When body checking gets out of hand
The problem arises when body checking becomes something akin to a compulsion. Perhaps you weigh yourself multiple times a day, with your mood fluctuating according to the number on the scale. Other behaviors may include excessive measuring of body parts, such as the circumference of your waist or hips; or taking a large number of selfies in order to monitor a specific aspect of your looks.
In a 2018 meta-analysis, compulsive body checking was found to be correlated with negative body image and disordered eating. Another 2019 study showed that for women, body checking resulted in personal dissatisfaction, no matter what body part they were monitoring.

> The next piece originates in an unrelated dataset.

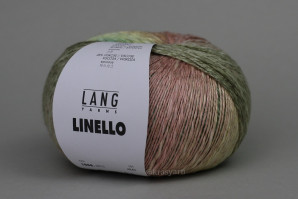 Пряжа Линелло, Lang Yarns, цв.0052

Signs a body checking habit is out of control
Some of the signs a body checking habit is becoming a problem: if it impairs your ability to focus, if it causes disruption in your work or home life; if it leads you to avoid meals; or if it causes feelings of guilt, shame or worry. If you find yourself avoiding social gatherings due to fears about eating; if you spend an excessive amount of time worrying about your weight or looks; or if your preoccupation with your body image is getting in the way of living your life—these are all signs body checking is becoming a problem.
What to do if you have a body checking problem
First and foremost, if your boy checking habit has contributed to the development of an eating disorder, it’s important to seek professional support. The National Eating Disorders Association has a helpline, which you can access either by online chat or by texting/calling 800-931-2237. If you are experiencing a crisis and need help immediately, text NEDA to 741741.
When it comes to checking your body checking behaviors, Healthline suggests taking regular breaks from social media, as apps like Instagram can only fuel a preoccupation with body image. Also, monitor yourself and try to pinpoint the situations that trigger your impulse to body check—tracking your behaviors for a day to see if there are any patterns, and then attempt to developing alternative coping strategies that can replace body checking behaviors (for example, instead of looking at yourself critically in the mirror, perform verbal affirmations to boost your mood and self-confidence). An if the habit has risen to the level of a compulsion, seek the assistance of a trained therapist.